Sur le terrain du style, Port-Royal privilégie la clarté déductive et la rigueur, au risque d’amenuiser l’ « enjouement » et les idiotismes que l’Académie goûtait chez les maîtres de l’usage. Cette rhétorique de la vérité n’a rien d’ornemental : elle vise le discernement, la justesse des définitions et la convenance des preuves. L’ascèse de la parole (cohérence de la pensée, sobriété persuasive, refus de l’amplification gratuite) procède d’un choix spirituel autant que d’une esthétique.
Henri Bremond, dans son Histoire littéraire du sentiment religieux très hostile à Port-Royal, a dénoncé un style « janséniste » qu’il jugeait sec ou appauvri. En réalité, cette sobriété et cette mesure visent une éthique de la prose. Ce « style de Port-Royal » n’est pas la négation du beau, mais la recherche d’un beau de vérité, caractérisé par la clarté argumentative, l’exactitude lexicale, l’ordonnancement logique, et une discrétion oratoire répugnant à l’émotion et au pathétique outrés.

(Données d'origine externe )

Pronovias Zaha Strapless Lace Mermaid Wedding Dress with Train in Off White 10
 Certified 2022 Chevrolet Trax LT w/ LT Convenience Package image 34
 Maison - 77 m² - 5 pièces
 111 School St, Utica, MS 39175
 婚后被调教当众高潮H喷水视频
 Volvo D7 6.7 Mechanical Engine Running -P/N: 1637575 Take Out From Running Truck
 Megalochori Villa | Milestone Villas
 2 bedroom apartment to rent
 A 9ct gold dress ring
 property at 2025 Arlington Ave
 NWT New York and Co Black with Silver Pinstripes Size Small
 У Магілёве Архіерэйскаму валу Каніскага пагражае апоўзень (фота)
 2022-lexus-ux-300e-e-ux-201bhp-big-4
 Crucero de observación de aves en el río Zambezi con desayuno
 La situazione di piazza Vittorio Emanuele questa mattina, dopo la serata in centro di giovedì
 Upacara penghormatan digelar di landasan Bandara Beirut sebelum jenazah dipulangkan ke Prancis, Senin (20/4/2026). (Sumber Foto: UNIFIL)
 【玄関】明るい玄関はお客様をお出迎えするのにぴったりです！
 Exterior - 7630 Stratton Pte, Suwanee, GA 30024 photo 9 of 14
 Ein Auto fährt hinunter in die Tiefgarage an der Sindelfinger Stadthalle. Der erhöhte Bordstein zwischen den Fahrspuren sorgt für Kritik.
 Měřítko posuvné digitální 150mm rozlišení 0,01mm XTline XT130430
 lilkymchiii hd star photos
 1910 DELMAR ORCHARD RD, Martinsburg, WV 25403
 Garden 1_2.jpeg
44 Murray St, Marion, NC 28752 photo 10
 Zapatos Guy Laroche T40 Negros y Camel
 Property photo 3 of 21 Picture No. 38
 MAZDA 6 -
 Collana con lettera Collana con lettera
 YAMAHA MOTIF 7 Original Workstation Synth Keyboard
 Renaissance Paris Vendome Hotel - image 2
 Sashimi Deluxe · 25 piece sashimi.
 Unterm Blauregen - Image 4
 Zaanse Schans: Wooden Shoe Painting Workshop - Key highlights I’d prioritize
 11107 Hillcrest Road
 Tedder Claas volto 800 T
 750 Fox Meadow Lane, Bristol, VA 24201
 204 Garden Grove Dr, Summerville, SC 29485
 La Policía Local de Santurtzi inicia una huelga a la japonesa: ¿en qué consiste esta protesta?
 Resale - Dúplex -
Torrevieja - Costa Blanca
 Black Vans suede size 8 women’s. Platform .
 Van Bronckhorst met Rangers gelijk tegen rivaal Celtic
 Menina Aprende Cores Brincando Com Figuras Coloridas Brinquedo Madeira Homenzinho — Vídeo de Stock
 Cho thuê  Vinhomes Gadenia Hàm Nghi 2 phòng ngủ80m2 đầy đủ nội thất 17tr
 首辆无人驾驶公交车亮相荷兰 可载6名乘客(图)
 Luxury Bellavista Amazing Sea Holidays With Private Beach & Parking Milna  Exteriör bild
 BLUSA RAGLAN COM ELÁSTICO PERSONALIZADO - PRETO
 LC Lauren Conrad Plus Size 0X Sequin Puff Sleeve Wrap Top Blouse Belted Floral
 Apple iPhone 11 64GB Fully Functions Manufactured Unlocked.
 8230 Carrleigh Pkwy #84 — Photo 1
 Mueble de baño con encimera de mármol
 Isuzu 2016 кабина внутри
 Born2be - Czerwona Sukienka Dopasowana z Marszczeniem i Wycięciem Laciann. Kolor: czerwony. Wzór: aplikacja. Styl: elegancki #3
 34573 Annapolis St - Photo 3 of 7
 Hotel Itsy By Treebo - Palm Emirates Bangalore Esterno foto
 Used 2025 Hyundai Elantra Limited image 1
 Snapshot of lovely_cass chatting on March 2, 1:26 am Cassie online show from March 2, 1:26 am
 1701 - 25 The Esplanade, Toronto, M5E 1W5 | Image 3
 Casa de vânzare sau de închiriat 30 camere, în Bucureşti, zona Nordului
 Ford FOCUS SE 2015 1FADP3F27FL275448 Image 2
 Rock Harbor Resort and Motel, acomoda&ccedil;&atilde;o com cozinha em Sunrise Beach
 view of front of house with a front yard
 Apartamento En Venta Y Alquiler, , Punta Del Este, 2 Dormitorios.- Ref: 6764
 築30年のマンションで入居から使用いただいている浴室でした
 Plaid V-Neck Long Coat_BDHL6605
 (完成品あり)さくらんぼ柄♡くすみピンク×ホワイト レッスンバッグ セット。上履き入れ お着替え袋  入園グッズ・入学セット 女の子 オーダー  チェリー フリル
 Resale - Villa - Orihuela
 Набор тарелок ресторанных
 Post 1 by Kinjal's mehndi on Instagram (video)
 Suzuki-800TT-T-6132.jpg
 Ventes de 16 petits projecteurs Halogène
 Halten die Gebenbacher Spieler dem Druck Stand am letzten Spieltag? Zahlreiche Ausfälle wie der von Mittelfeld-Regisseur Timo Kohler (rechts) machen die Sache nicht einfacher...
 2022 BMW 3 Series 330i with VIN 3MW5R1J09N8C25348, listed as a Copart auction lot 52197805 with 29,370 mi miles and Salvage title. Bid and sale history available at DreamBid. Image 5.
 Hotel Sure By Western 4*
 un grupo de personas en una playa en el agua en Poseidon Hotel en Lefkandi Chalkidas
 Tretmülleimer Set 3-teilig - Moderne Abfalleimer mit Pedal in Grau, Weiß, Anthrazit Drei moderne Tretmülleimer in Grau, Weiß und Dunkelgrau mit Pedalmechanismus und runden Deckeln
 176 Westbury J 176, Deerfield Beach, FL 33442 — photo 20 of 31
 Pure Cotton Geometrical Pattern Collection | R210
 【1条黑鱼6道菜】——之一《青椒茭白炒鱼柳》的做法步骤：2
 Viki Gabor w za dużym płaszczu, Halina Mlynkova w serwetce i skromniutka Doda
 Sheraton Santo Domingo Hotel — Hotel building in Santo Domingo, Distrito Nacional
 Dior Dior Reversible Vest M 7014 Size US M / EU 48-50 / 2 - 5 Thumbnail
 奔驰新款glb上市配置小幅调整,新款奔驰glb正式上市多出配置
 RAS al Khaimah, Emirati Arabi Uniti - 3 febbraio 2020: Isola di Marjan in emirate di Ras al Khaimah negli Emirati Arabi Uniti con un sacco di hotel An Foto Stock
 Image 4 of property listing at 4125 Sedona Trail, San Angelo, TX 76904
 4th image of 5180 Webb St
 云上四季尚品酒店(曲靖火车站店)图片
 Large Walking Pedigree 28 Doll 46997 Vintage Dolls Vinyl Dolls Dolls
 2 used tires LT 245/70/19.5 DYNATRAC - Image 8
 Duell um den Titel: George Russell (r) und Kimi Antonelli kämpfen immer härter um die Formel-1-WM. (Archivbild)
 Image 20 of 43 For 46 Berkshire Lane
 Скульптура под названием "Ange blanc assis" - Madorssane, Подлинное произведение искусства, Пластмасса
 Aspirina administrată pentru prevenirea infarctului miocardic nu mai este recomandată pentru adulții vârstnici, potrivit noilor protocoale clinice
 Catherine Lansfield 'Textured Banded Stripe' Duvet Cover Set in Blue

S’articulent, à Port-Royal, trois gestes indissociables : former l’âme et le jugement (pédagogie), rendre raison des formes du dire (grammaire), régler l’acte de persuader par la vérité (rhétorique). De là naît une pratique de l’écriture qui, des classes au cabinet, conçoit le style comme une éthique : l’expression n’y vaut qu’à proportion de la justesse qu’elle sert.